You are in the sun from 11:00 am to 1:00 pm.
Your body is mostly uncovered.
You go without sunscreen for at least 15-20 minutes.
You don’t use soap for 48 hours.
You repeat the process in 72 hours.
Your skin is not dark, either from genetics or suntanning. (You may need six times as much exposure if your skin is dark.)
Unless you fit all of these conditions, you need to supplement. And a multi-vitamin or calcium plus D supplement will NOT have enough Vitamin D, nor will your milk. You need to supplement with high iu Vitamin D3, preferably above 4000 iu. If your blood 25 hydroxy D test is below 70 (ignore “high”, “medium” and “low” because that is based on the averages of a D-deficient population,) then supplement it. The exception is if you have scleroderma or similar abnormal calcium metabolism.
Other ways to supplement: frequent consumption of liver, preferably from organic animals. Shitake or other mushrooms dried gill side up in the sun on a daily dose of about one ounce dry weight, cooked long and low.
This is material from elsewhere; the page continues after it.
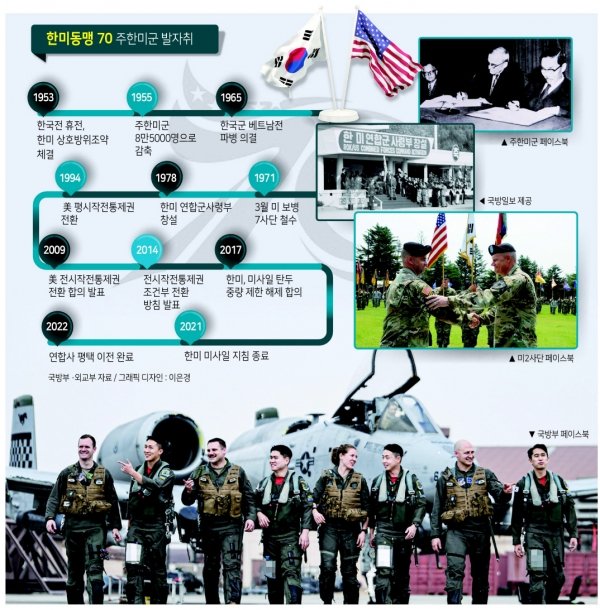 주한미군 기지 내 군인들의 모습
Calculations from studies on Vitamin D show that, for every person who dies of skin cancer from UV overexposure, more than two hundred will die from other cancers, like lung, breast, prostate and colon, as a result of low vitamin D levels.
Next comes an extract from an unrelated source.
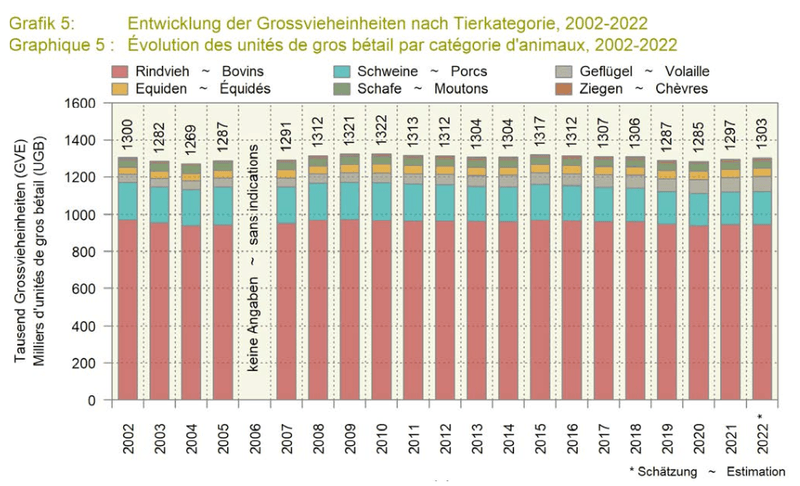 Der Schweizer Rindviehbestand wächst – dank Weidemast und Spermasexing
Watching this You-Tube video from the University of California at San Diego might be one of the best things you can do for your health. It explains clearly and in detail which levels of vitamin D3 are necessary to prevent a great variety of diseases. Rickets, the disease our woefully inadequate RDA was designed to prevent, needs very little Vitamin D. Cancers, diabetes, heart attack, falls, fractures, hypertension, neurological impairment, even pain will be prevented by raising your blood Vitamin D levels to the recommended range.
I have been taking 10,000 iu of Vitamin D3 daily for the last year and am only in the low end of the recommended range.
A blood level of Vitamin D (have your doctor test it) should be 40-60 ng/ml, which is likely higher than the reference range of the test. You would need to reach 200 ng/ml to suffer from toxicity. The amount you need to supplement will vary, but is way way higher than you find in any multi. Unless you seek out a special high concentration vitamin D supplement, you are not getting enough, at least above the Mason-Dixon line (and usually below as well.)